Earlier this year I wrote a couple of posts about the Education Endowment Foundation’s summary of the research on ability grouping.

In a summary of the meta-analyses, they had claimed an average effect size of -0.09 for setting/streaming, which was at odds with Hattie’s claim of a positive effect size of 0.12 for ability grouping and a more recent analysis (Steenbergen-Hu et al, 2016) finding a positive effect size between 0.04 and 0.06.

It took two posts because there were so many odd practices and little errors that it was difficult to find out what had actually gone wrong. Two main ones that I identified were that:

  • Within-class ability grouping (i.e. something that would normally be considered a form of mixed ability teaching) was included because it was “ability grouping” even though the figure was being presented as a figure for “setting and streaming”.
  • A positive figure had been calculated originally based on all the meta-analyses, but so had a negative figure for low attaining students (based on just 2 meta-analyses) and at some point this figure had become used instead.

At the time, schools minister Nick Gibb shared my blogpost on Twitter, and as a result, I was condemned by a variety of educationalists for daring to disagree with the experts.

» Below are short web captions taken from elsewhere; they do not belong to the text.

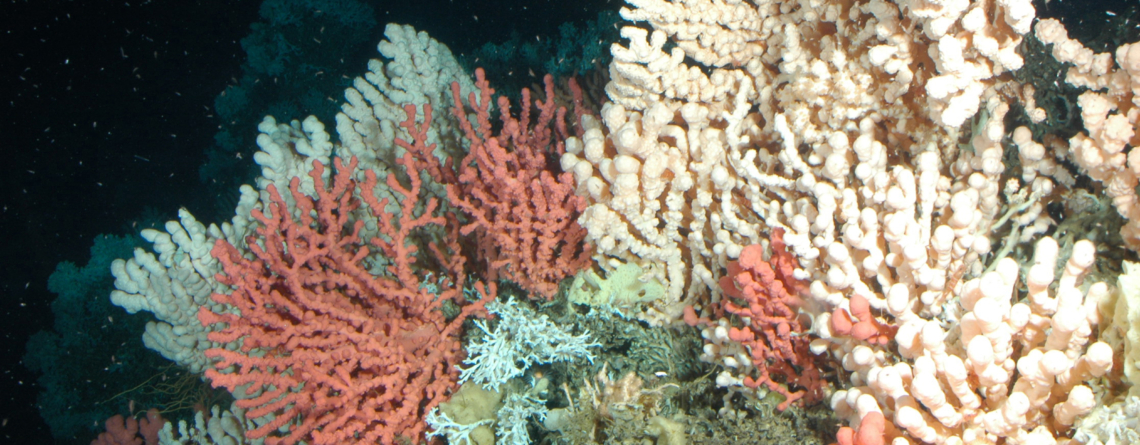 corals-in-cold-water:-coral-beyond-tropical-coral-reefs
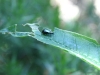 Leaf Beetle - Altica oleracea 02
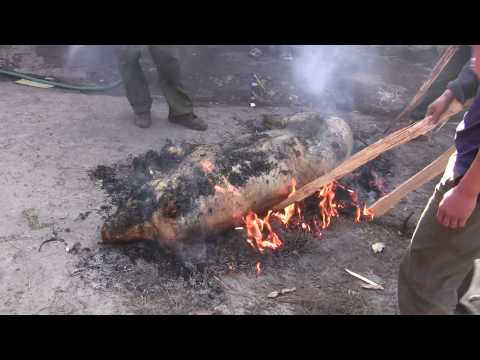 Burn the pigs (Lugu Lake, China)
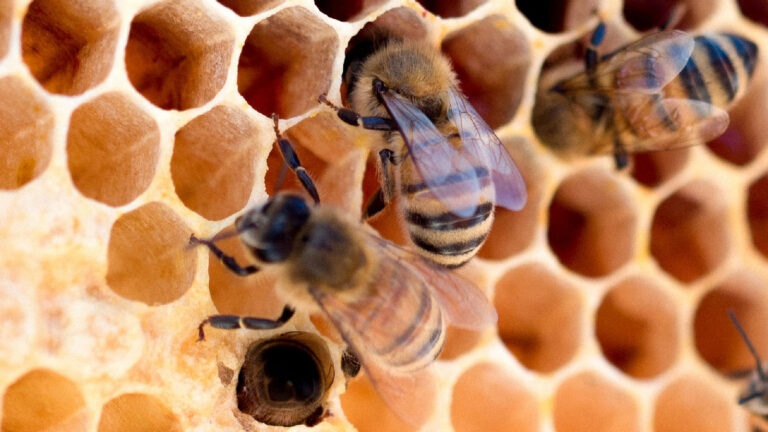 How extreme heat threatens honeybees » Yale Climate Connections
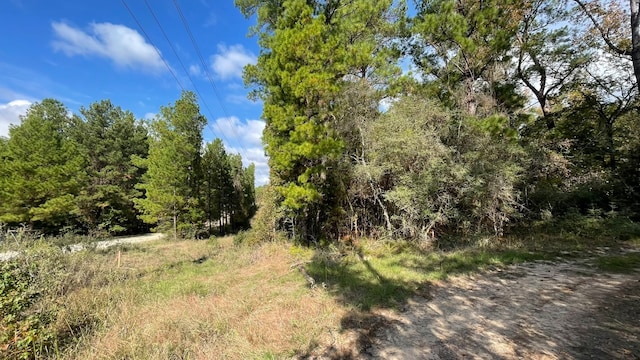 375 Rock Creek Dr, Trinity TX, 75862 land for sale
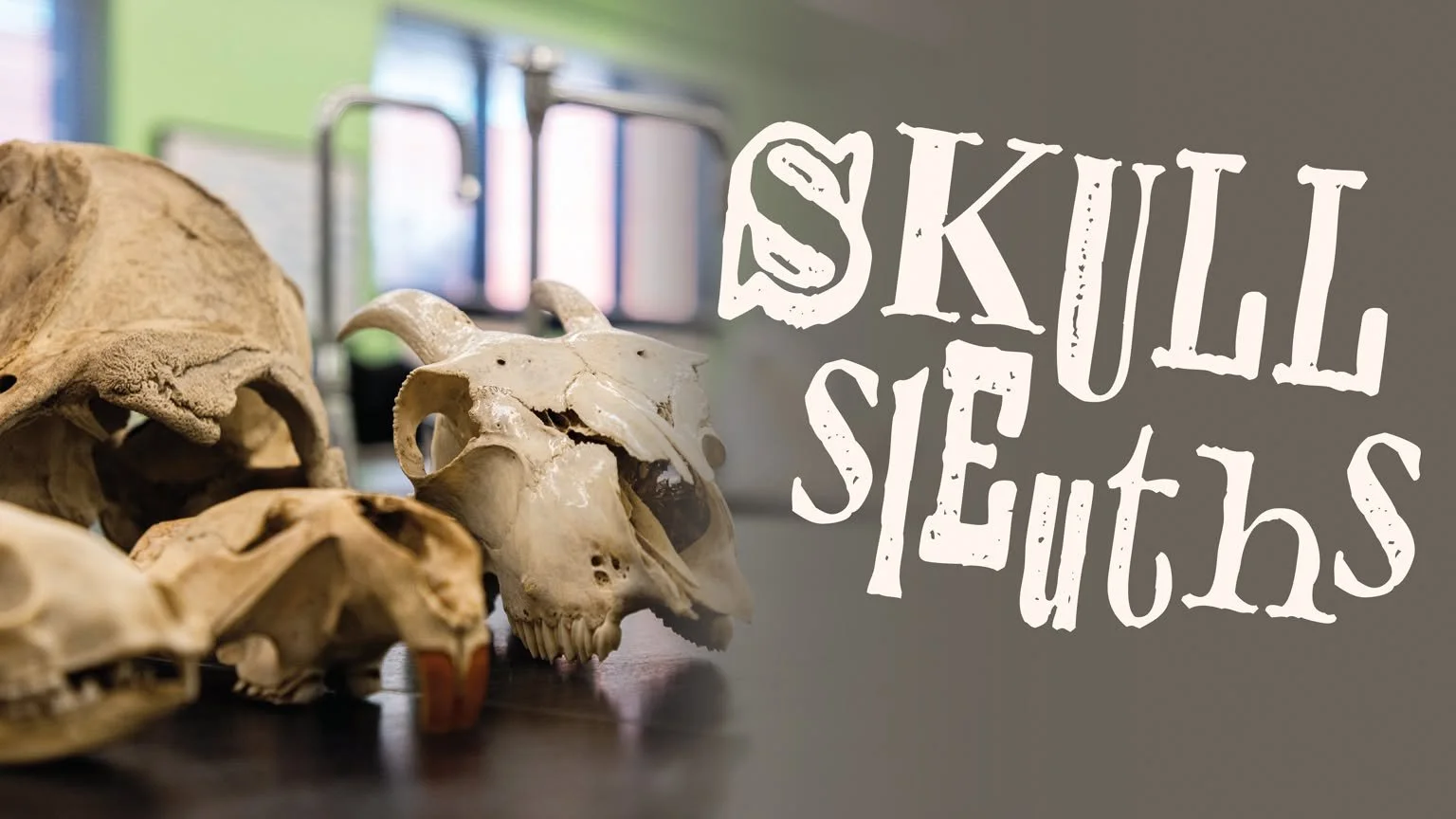 Skull Sleuths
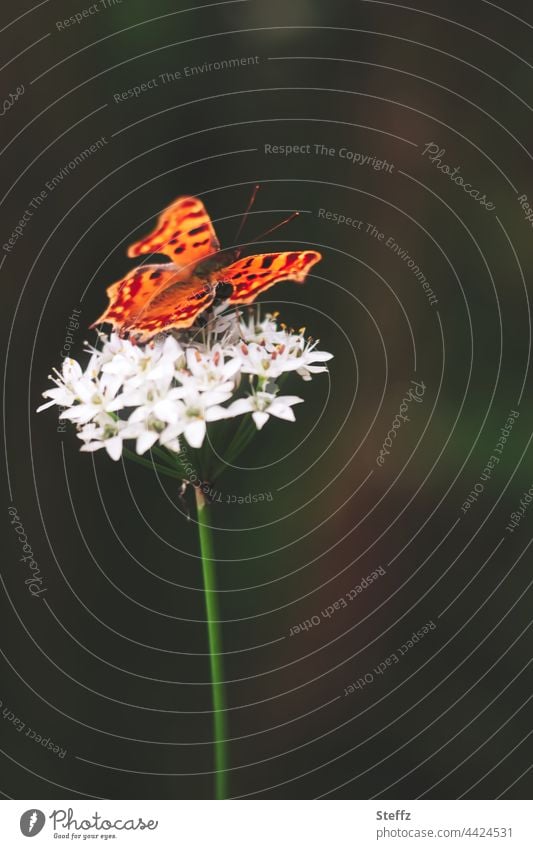 Schmetterling auf einem Schnittknoblauch Falter C-Falter Polygonia c-album Waldfalter Gartenbesucher Edelfalter Schmetterlingsflügel Allium tuberosum Knolau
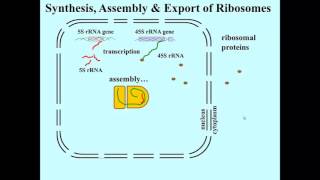 rRNA ribosome assembly and export [upl. by Seumas]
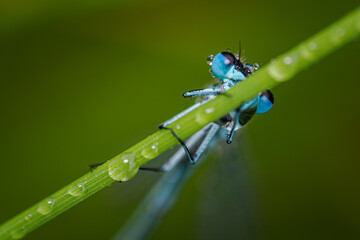 Blue awl on stem with raindrops.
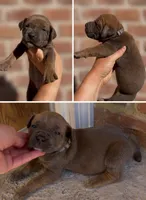 Grey Collar Girl , a female Boerboel for sale in Red Bluff, CA – 1 of 1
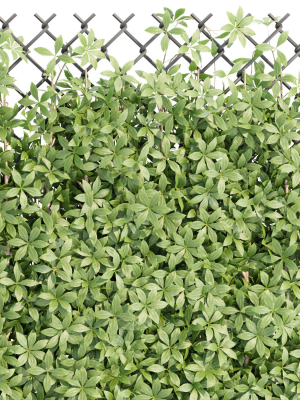 virginia-creeper-on-fence-vol-182-3d-model-ee636dbbc4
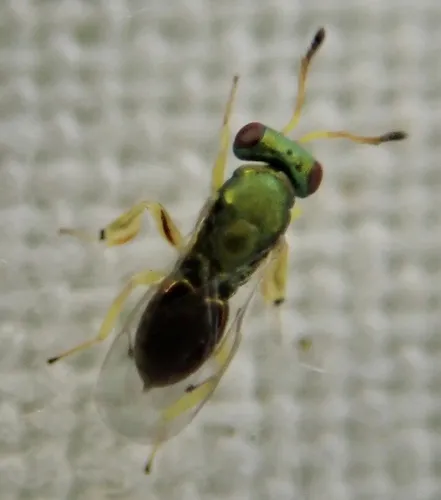 Mesopolobus tibialis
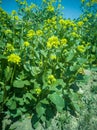 Flowering white mustard Sinapis alba detail close-up field, farm bio organic farming, soil climate change, landscape Royalty Free Stock Photo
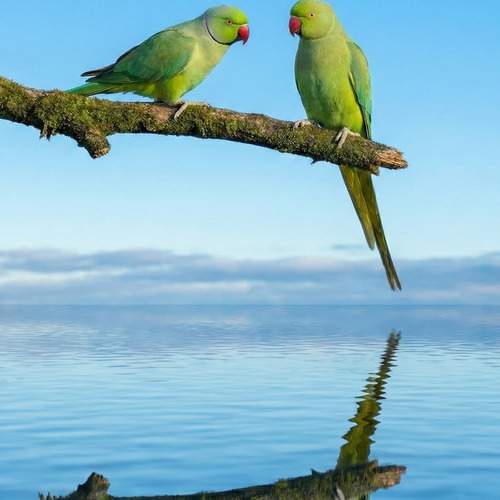 ​A Quiet Dialogue
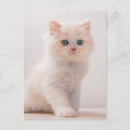 Recherche de plié posters Animal domestique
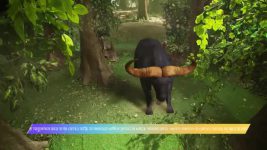Bedeni Jyotsnar Amar Prem S01 E71 14th November 2025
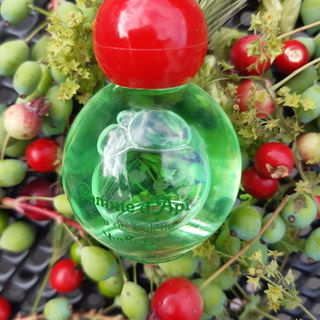Pomme d'Api (Eau Fraîche) von Yves Rocher
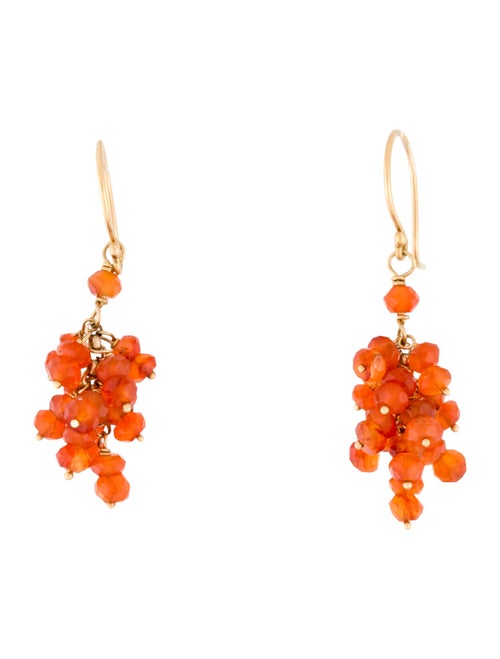 Earrings 14K Carnelian Drop Earrings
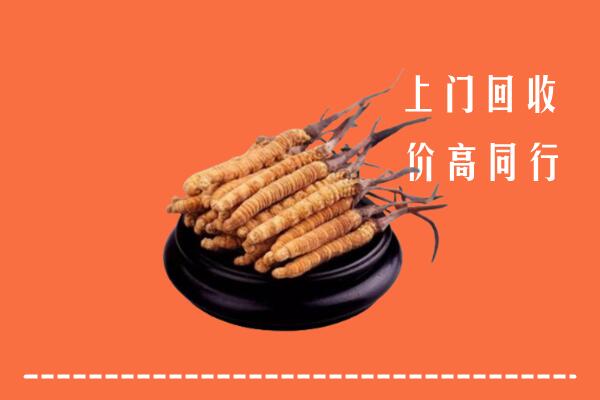 高价求购：红河州绿春回收散虫草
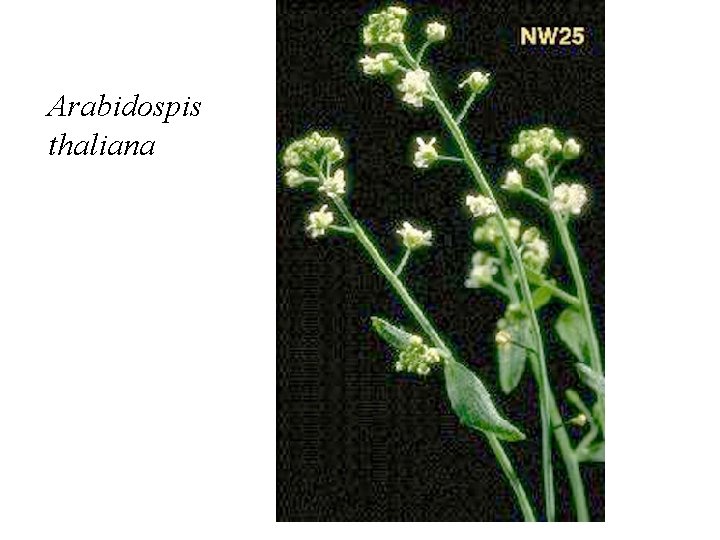 Arabidospis thaliana Arabidospis thaliana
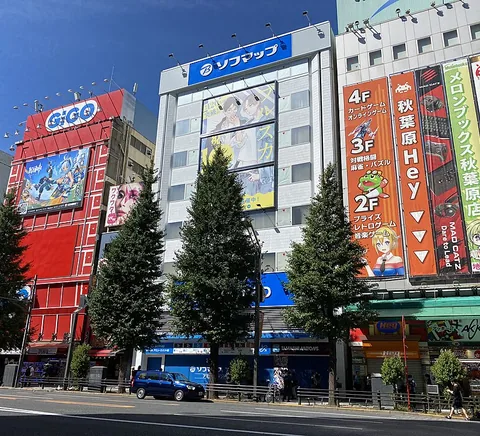 Akihabara specialist-store facades including gaming and collectibles signs.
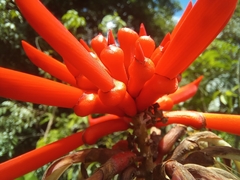 Erythrina gibbosa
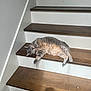 Nala is registered to the contest to win money with this photo: cat, gray_cat, stairs, wooden_stairs, indoor, pet, relaxed, sleeping, feline, animal, fur, paw, whiskers, domestic_cat, resting, cozy, house, home, quiet, peaceful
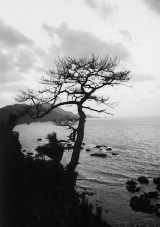 A gnarled tree overlooks the sea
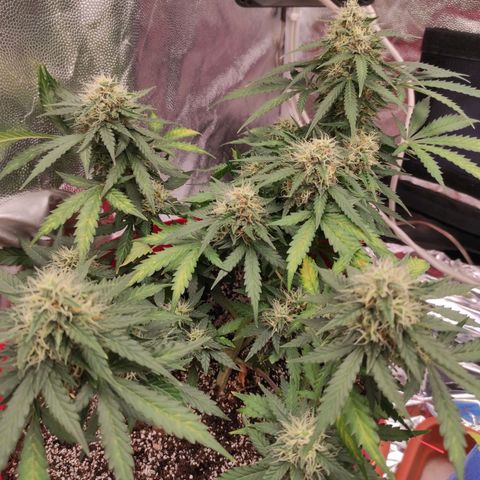 pineapple express growlog timeline photo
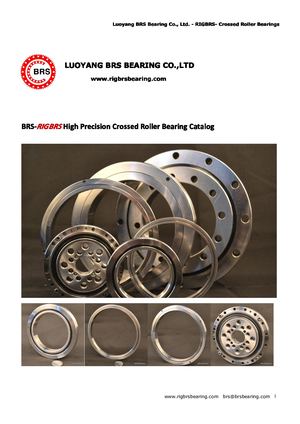 Crossed Roller Bearing Catalog Brs Bearing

After all, we all know that a mere teacher could not be right about a technical matter?

But the EEF did look at its figures again, and guess what they realised they had got wrong?

  • Within-class ability grouping (i.e. something that would normally be considered a form of mixed ability teaching) was included because it was “ability grouping” even though the figure was being presented as a figure for “setting and streaming”.
  • A positive figure had been calculated originally based on all the meta-analyses, but so had a negative figure for low attaining students (based on just 2 meta-analyses) and at some point this figure had become used instead.

They have now separated out the results for in class ability grouping, stopped using the figure for low attainers and reduced the “security rating” for their results. Obviously I am expecting those educationalists mentioned earlier to apologise immediately for dismissing me on a matter where I turned out to be right.

Unfortunately, there still seem to be issues with the new figure which is still negative and still way off the figures from Hattie and Steenbergen-Hu et al. The EEF result is based on the following meta-analyses:

Meta-analyses Effect size
Henderson, N. D., (1989)
-0.34
Kulik, J. A., & Kulik, C. C. , (1992)
0.03
Rui, N., (2009)
-0.09
Slavin, R. E., (1987)
0.00
Slavin, R. E., (1993)
-0.02
Slavin, R. E., (1990)
-0.06
Effect size (weighted mean) -0.08

So we have one study, Henderson (1989) in there that is an extreme outlier. It is an unpublished dissertation cited in Steenbergen-Hu et al, but hardly anywhere else. The only reference to it I could find elsewhere claimed that it it “found no achievement difference between students who had been ability-grouped and those who had been heterogeneously grouped”. Without this study, I suspect the overall effect size would be very close to 0.

Additionally, 2 studies by Kulik and Kulik that had been cited by Steenbergen-Hu et al and the previous EEF analysis that both found positive effect sizes of 0.1 have been removed because in both cases “The 2018 update revealed that this study was superseded by Kulik and Kulik 1992”. It is, of course, the case that more up to date meta-analyses by the same authors are to be preferred, but this sort of decision seems inconsistent with the approach of listing all meta-analyses and even more surprising when another author, (Slavin, R.E.) is allowed to have 3 studies considered without the newer ones superceding the older ones.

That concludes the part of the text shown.